Search code examples
pythondictionarycryptographydictionary-attack

how to perform XOR of all words in a file


I want to convert all words in a standard dictionary (for example : /usr/share/dict/words of a unix machine) integer and find XOR between every two words in the dictionary( ofcourse after converting them to integer) and probably store it in a new file.

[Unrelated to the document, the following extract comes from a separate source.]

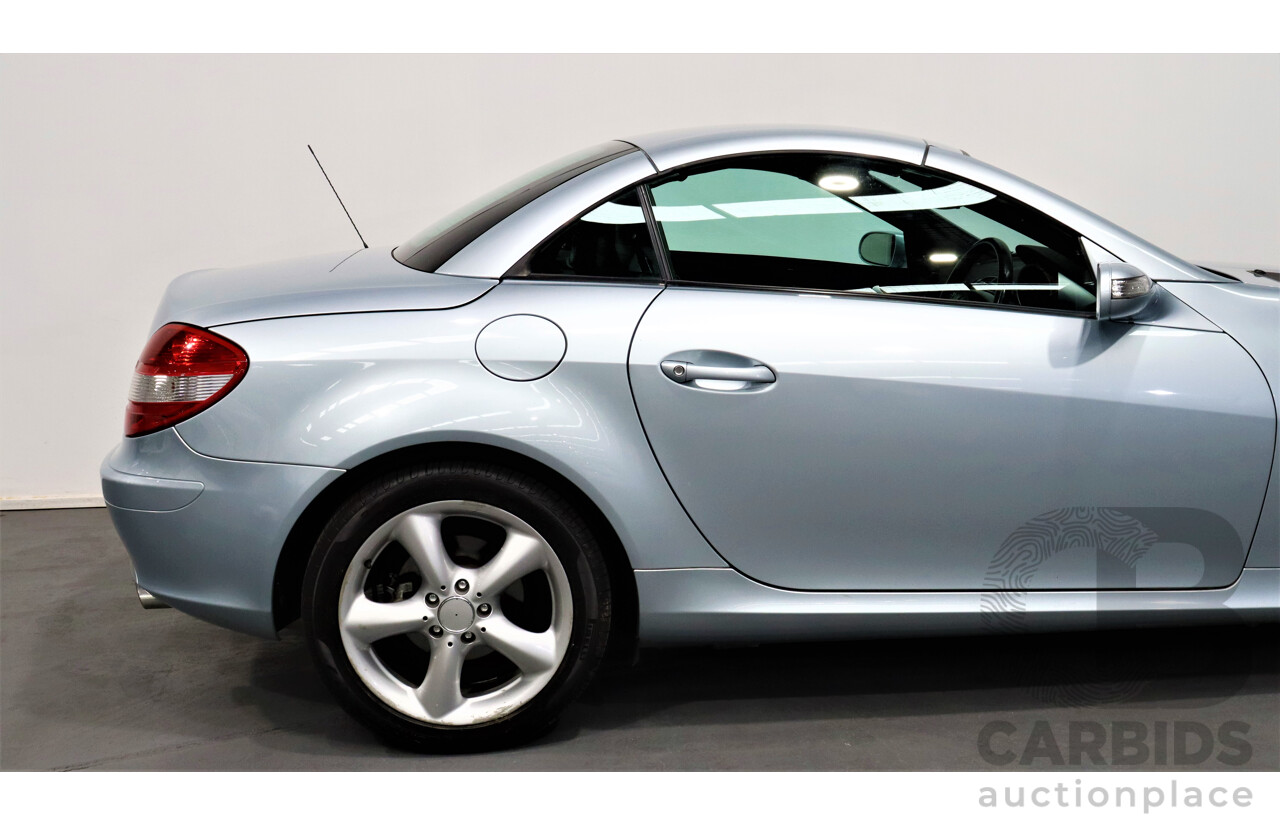 1/2005 Mercedes-Benz SLK 200 Kompressor R171 2d Convertible Blue 1.8L Supercharged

Since I am new to python and because of large file sizes, the program is getting hung every now and then.

import os
dictionary = open("/usr/share/dict/words","r")
'''a = os.path.getsize("/usr/share/dict/words")
c = fo.read(a)'''
words = dictionary.readlines()

foo = open("word_integer.txt", "a")


for word in words:
    foo.write(word)
    foo.write("\t")
    int_word = int(word.encode('hex'), 16)
    '''print int_word'''
    foo.write(str(int_word))
    foo.write("\n")

foo.close()

Solution

  • First we need a method to convert your string to an int, I'll make one up (since what you're doing isn't working for me at all, maybe you mean to encode as unicode?):

    def word_to_int(word):
        return sum(ord(i) for i in word.strip())
    

    Next, we need to process the files. The following works in Python 2.7 onward, (in 2.6, just nest two separate with blocks, or use contextlib.nested:

    with open("/usr/share/dict/words","rU") as dictionary: 
        with open("word_integer.txt", "a") as foo:
            while dictionary:
                try:
                    w1, w2 = next(dictionary), next(dictionary)
                    foo.write(str(word_to_int(w1) ^ word_to_int(w2)))
                except StopIteration:
                    print("We've run out of words!")
                    break